This delay became inevitable with the refusal of Congress to accept President Hoover’s urgent appeal for an immediate reconsideration of the war debt settlements. But will there be any effective action when President Roosevelt and the new Congress take office? That is the question uppermost in the minds of those throughout the world who seek some outlet from the maze of exchange difficulties into which international commerce is now plunged by the overhanging uncertainty of the settlement of these inter-governmental obligations.
The American Ambassador to Great Britain, Andrew W. Mellon, was not particularly encouraging when he gave a statement in London on January 12, 1933, in which he explained with surprising frankness that on account of the administrative impasse which will continue until March 4, nothing could be done about war debts for the present, as Secretary of State Henry L. Stimson “is not in a position to give me any definite instructions.” Referring to the steps which might be taken by the new administration, he then went on to say, “On the whole, however, I am unable to ascertain any apparent change in the attitude of Congress toward European debtors.”
Canada is vitally interested in the outcome, although it will not directly affect us. We are the only nation of importance, other than the United States, which came through the Great War with no external war debts. All-round reduction or cancellation will merely have the effect. therefore, of reducing or wiping out the small percentage of German reparations to which we are entitled. We are deeply interested, however, because if it is true that cancellation or a very substantial reduction is necessary to revive trade between nations and restore the volume of foreign business upon which we are so dependent for prosperity, then we are naturally anxious that it should be done without delay.

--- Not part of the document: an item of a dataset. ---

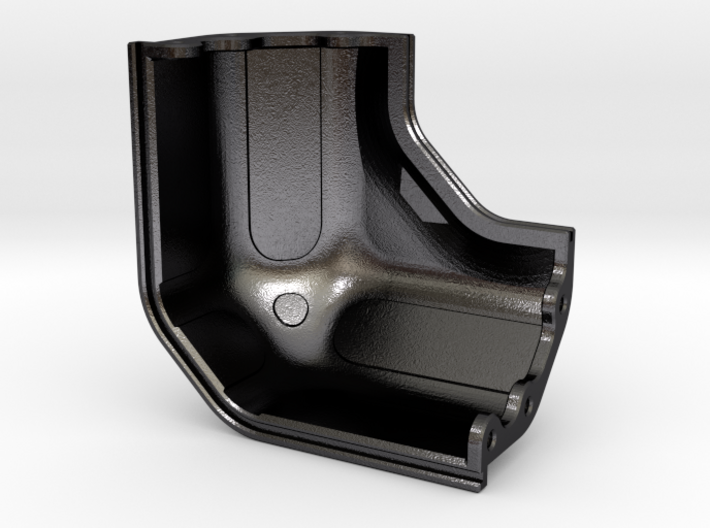 Modular Hardcase - Corner 3d printed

There are other reasons for our interest in this question. As a British nation on the North American continent, we are the immediate link between the United States and the British Empire. Bound by loyalty, affection and commerce to that larger political group beyond the seas, w'e also have business and other interests that bring us in daily contact with the American people. Canadians are fortunately placed to act as interpreters and extend the possibility of friendship between the English-speaking peoples of the world.
But, fully realizing our opportunity and responsibility, there is no reason why we should ignore misstatements which reflect on Great Britain or lead to a misunderstanding of the greatest economic problem the world nowfaces.
Good Intentions Misrepresented
AT THE very time when men of good will, on both sides ^ of the Atlantic, were seeking in every way possible to find some solution of the difficulties raised by the December payment of interest, the Saturday Evening Post of December 10 published an article by Samuel Crowther under the title, “The Latest War-Debt Hoax,” which is not only misleading and inaccurate, but employs appeals to prejudice that are particularly dangerous at a time like this. Mr. Crowther tells us that “The powers lately associated with us in the prosecution of the Great War have stopped appealing to us to be good fellows and forget all about the money we loaned to them. Also, they have stopped abusing us because we would not be the kind of good fellows they wanted us to be. They have entirely changed their strategy. They have quit the appeal to our charity and turned to our greed.”
This is a fair illustration of the tenor of the article. There are two reasons why Mr. Crowther’s ill-natured discussion of the problem should not pass unnoticed. In the first place, it must be remembered that the Saturday Evening Post reaches a reading public of several million people, and it undoubtedly has a very considerable influence on public opinion in the United States. In the second place, it is significant that this article is written to precisely the same editorial formula that was clearly laid down by the Saturday Evening Post for its special writers six years ago, when evidence of a strong opinion in the United States in favor of a reconsideration of the war debts settlement began to manifest itself.
There have been other articles in the Saturday Evening Post during the past year on the same subject. Two of these are particularly worthy of comment. “Trading in our War Debts” appeared in the issue of November 5 under the name of Henry French Hollis, who is a former United States senator, while on March 19, Garet Garrett, gave his yearly misinterpretation under the title, “Book of the Debts.” Except in the extent of his inaccuracies, Garet Garrett’s articles have not varied much since he opened the Saturday Evening Post’s campaign of misrepresentation in 1927 with “The League of Debtors.”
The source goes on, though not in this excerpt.